PROMIS LE CIEL
Une « persévérance » bien mise à mal dans un film lumineux, porté par trois actrices épatantes
Synopsis du film
Ancienne journaliste originaire de Côte d’Ivoire, Aminata a pris le nom de Marie et officie comme pasteur lors de cérémonies données dans sa propre maison, en plein Tunis. Là, elle héberge Naney, aux cheveux crépus blonds, qui a laissé sa fille au pays et qui voudrait bien traverser pour l’Europe, quand elle en aura les moyens, ainsi que Jolie, étudiante en école d’ingénieur et seule des trois à avoir un visa en règle. Toutes trois recueillent la petite Kenza, 4 ans, rescapée du naufrage d’un bateau de migrants…

Critique du film PROMIS LE CIEL
C’est un trio d’actrices remarquables qui tient à bout de bras le nouveau film de la réalisatrice tunisienne Erige Sehiri ("Sous les figues", "La Voie normale"), dont l’action se situe dans la communauté subsaharienne installée en Tunisie. Rapidement la situation de chacun des trois personnage est posée, le temps pour le scénario, assez implacable, de ce film présenté en ouverture d’Un Certain Regard, de mieux remettre chacune face à la réalité de sa situation et donc des certitudes que traduit son comportement. Il y a Marie (nouveau nom de Aminata), à laquelle Aïssa Maiga donne une allure légèrement hautaine, cachant bien quelques fêlures derrière son aplomb de prêcheuse à l’église de la persévérance. Il y a Naney, interprétée par l’époustouflante Deborah Christelle Naney, qui aime faire la fête et multiplie les idées de combines, aidée d’un ami tunisien, entre trafic d’alcool, de sucre et autres petits larcins. Et il y a Jolie, au prénom prédestiné, pétrie de la certitude d’être dans son droit, jouée par l’impeccable Laetitia Ky.

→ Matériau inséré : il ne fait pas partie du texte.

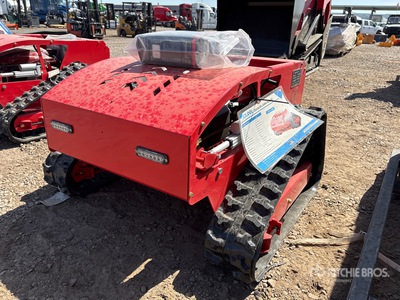 2026 SDLOOL SL800 Lawn Mower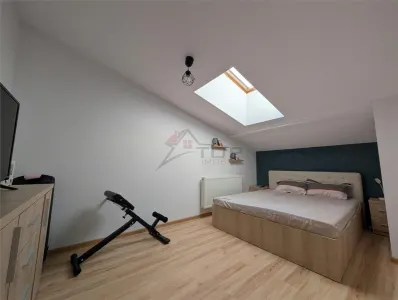 Apartament 3 camere+loc de parcare- Capat CUG, Valea Adanca - foto 8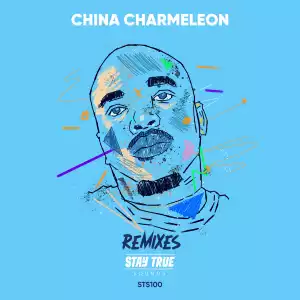 China Charmeleon – Life Is Real (China Charmeleon the Animal Remix) ft Ruby White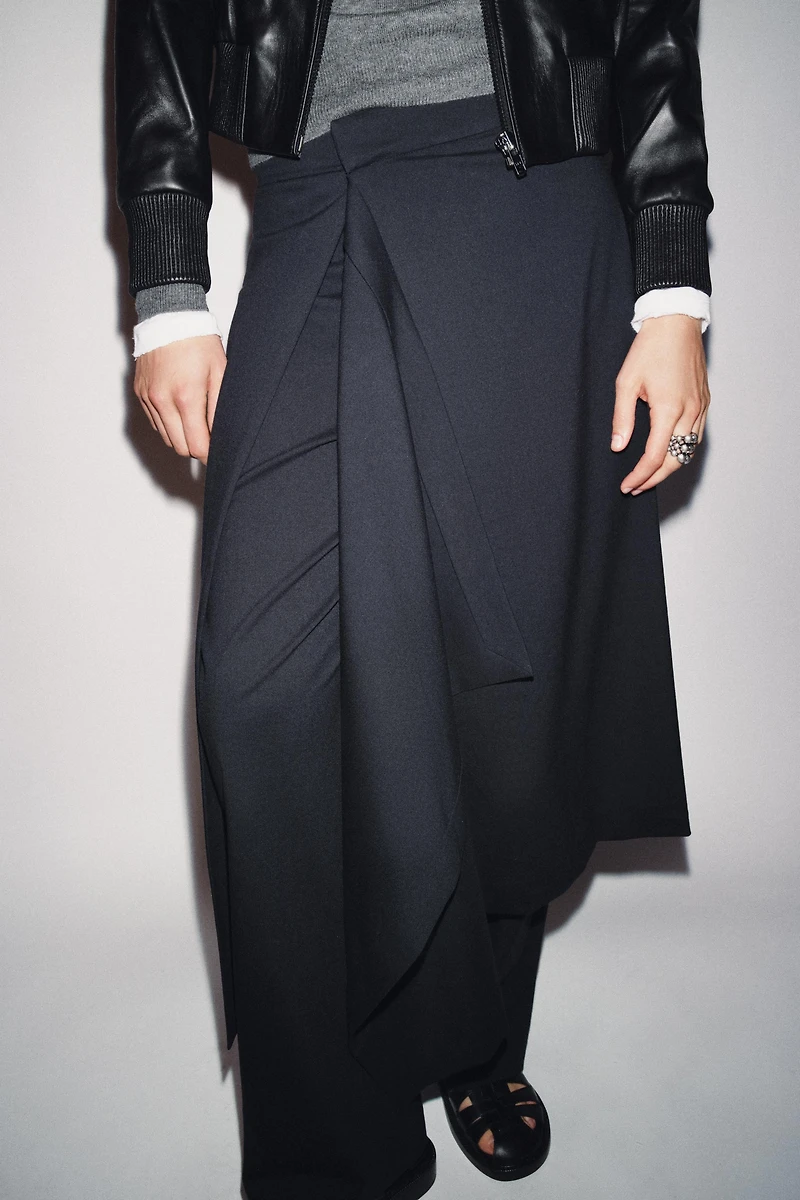 PANTALON PARÉO ZW COLLECTION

En toile de fond, l’intelligent scénario pose les jalons d’un galopant sentiment d’insécurité, forgé dans les rumeurs sur les arrestations des subsahariens, les conseils donnés de « se faire discret », le refus de taxis de prendre Naney et Jolie alors qu’elles sortent de boite et sont loin de porter le voile, une agression d’hommes noirs qui ramassent du plastique à recycler… Progressivement, Erige Sehiri fait monter la tension autour de ces trois femmes résolument vivantes, enveloppées dans la douceur des coloris bleus et blancs (la photographie et le choix des couleurs sont absolument envoûtants) et s’occupant malgré leurs problèmes, de la petite Kenza, regard innocent de l’histoire.

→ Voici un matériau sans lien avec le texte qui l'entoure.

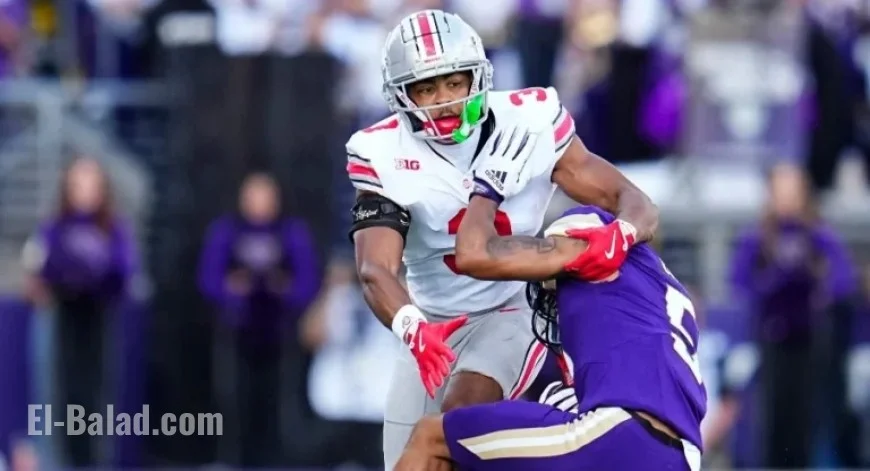 Ohio State Football Update: Styles Jr. and Houston Available, Styles Doubtful for Wisconsin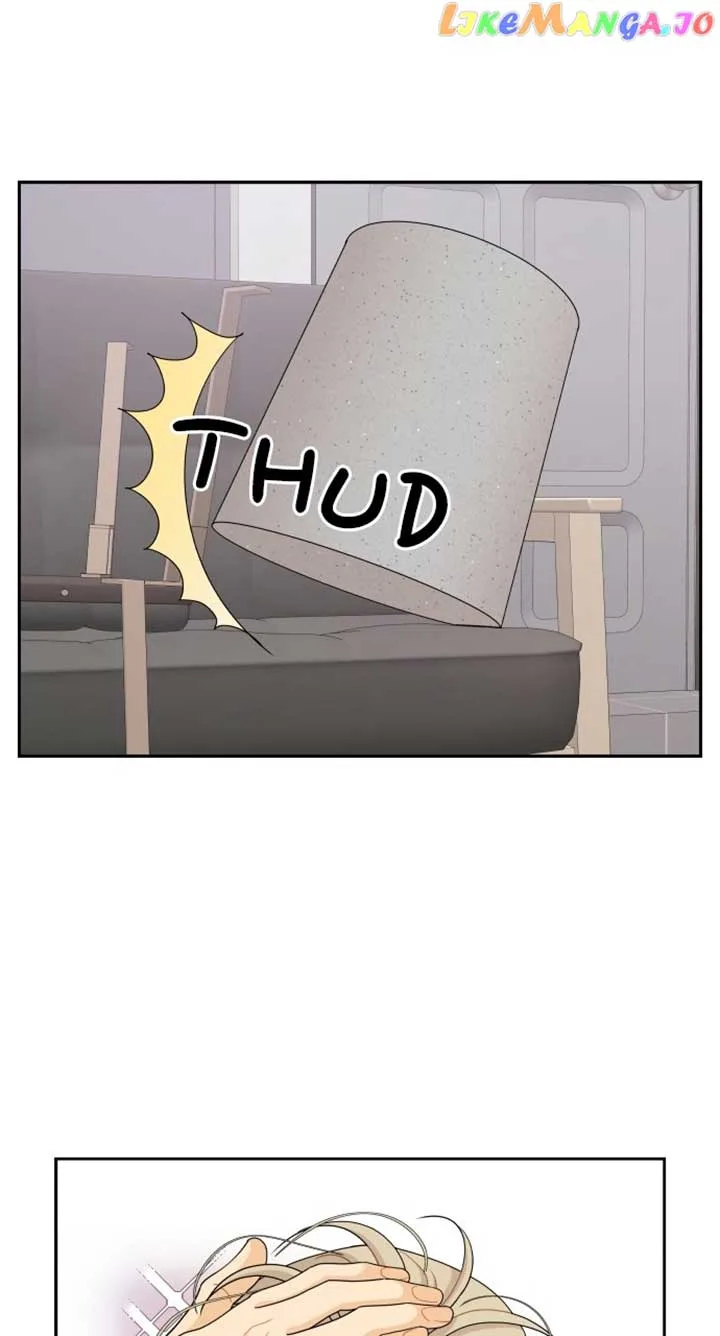 A Whirlwind Campus Affair Chapter 86 page 53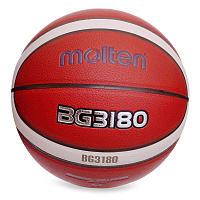Мяч баскетбольный Composite Leather B7G3180 купить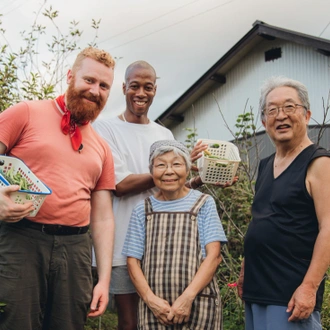 tourhub | Intrepid Travel | Japan: Land of the Rising Sun 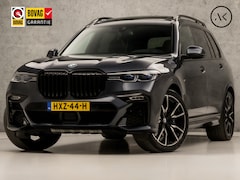 BMW X7 - xDrive40i M Sport High Executive 7 Persoons 340Pk Automaat (SKYLOUNGE PANORAMADAK, ALCANTA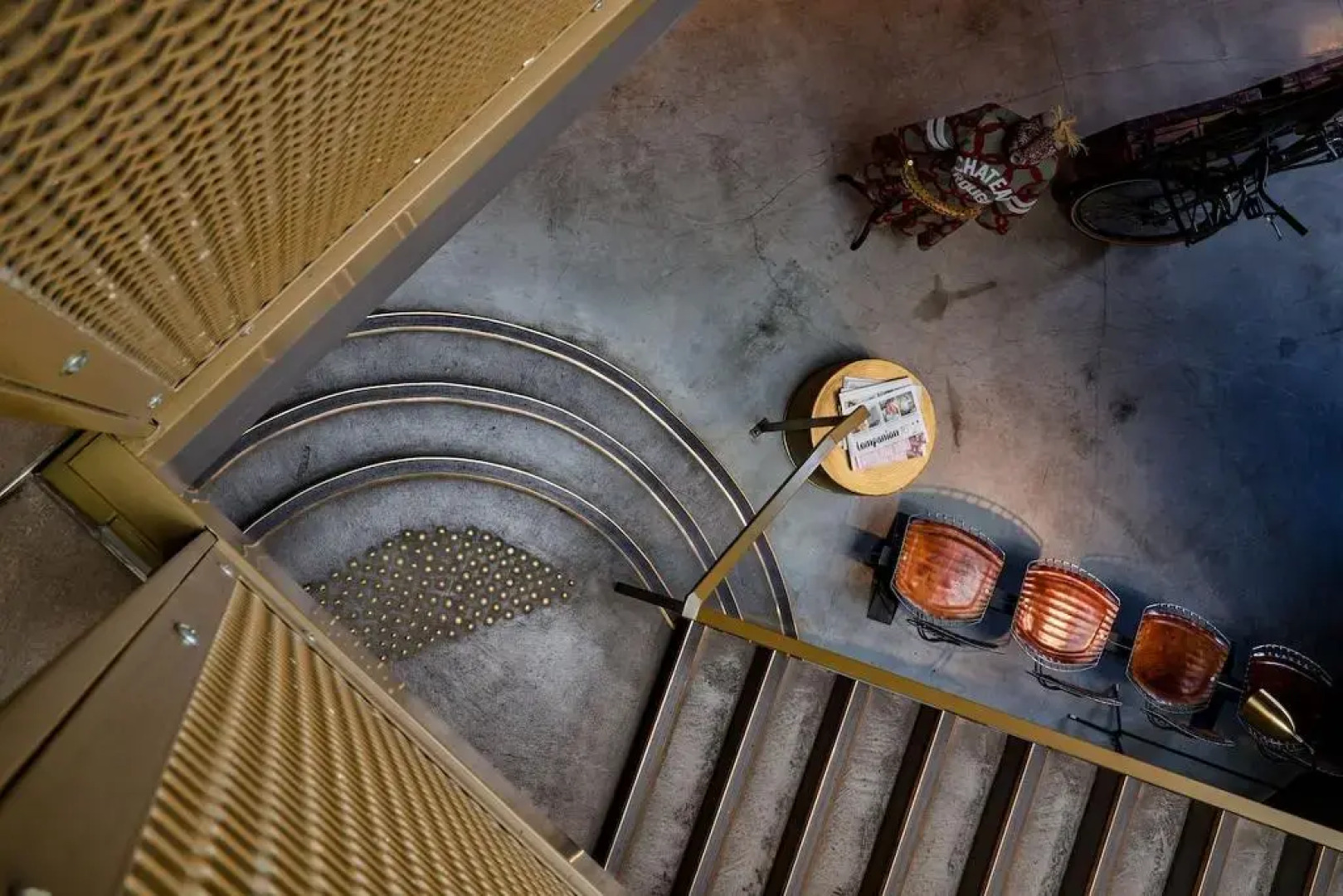 25hours Hotel Terminus Nord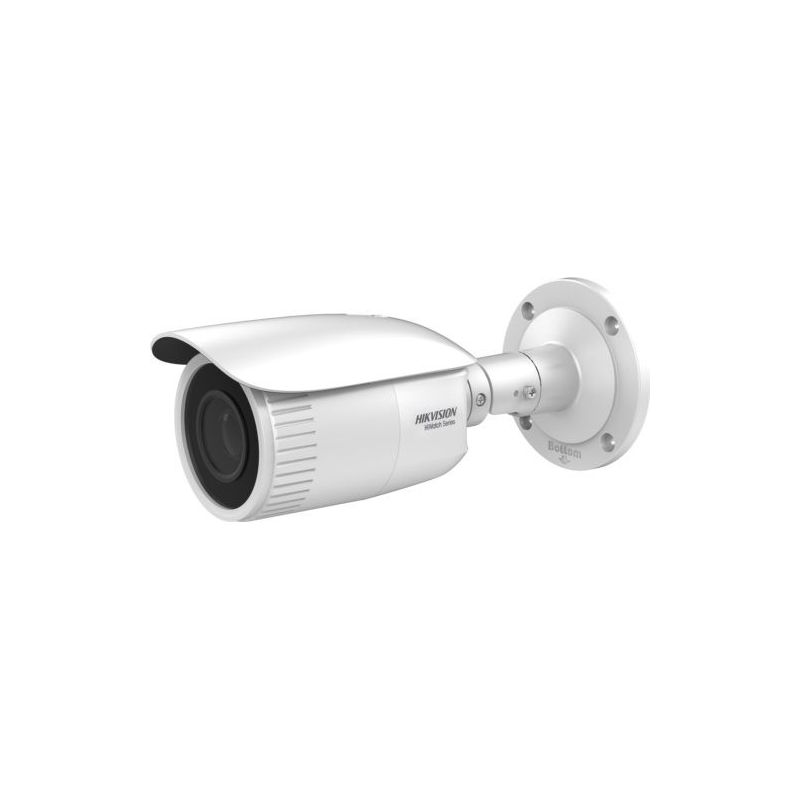 CAMERA IP HIKVISION Tube Ip Ir50 4mp Ia V-focal 2, HWI-B640HA-Z CAMERA IP HIKVISION Tube Ip Ir50 4mp Ia V-focal 2, HWI-B640HA-Z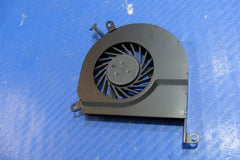 MacBook Pro A1286 15" 2011 MC723LL/A OEM CPU Cooling Left Fan 922-8703 ER* - Laptop Parts - Buy Authentic Computer Parts - Top Seller Ebay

Évoquant le racisme ambiant, allant parfois de paire avec le sentiment de certains maghrébins de ne pas être « africains », "Promis le ciel", s’il est ponctuellement un poil trop explicite, se pare d’une percutante symbolique quant à la situation de ces personnes coincées dans une sorte d’entre-deux, entre ce qu’elles voudraient et ce à quoi elles ne peuvent accéder, et parfois abîmées par la vie. L’un des plans du début, où la jeune Kenza joue avec la balustrade de l’escalier, passant les mains dans les motifs en fer forgé, évoque discrètement les chaînes d’une éternelle esclave ou prisonnière. Un reflet même de la situation de ces trois femmes, qui fait qu’au final le film se pare d’une belle émotion, dressant le portrait inédit d’une communauté persécutée, phénomène malheureusement généralisé en ces temps.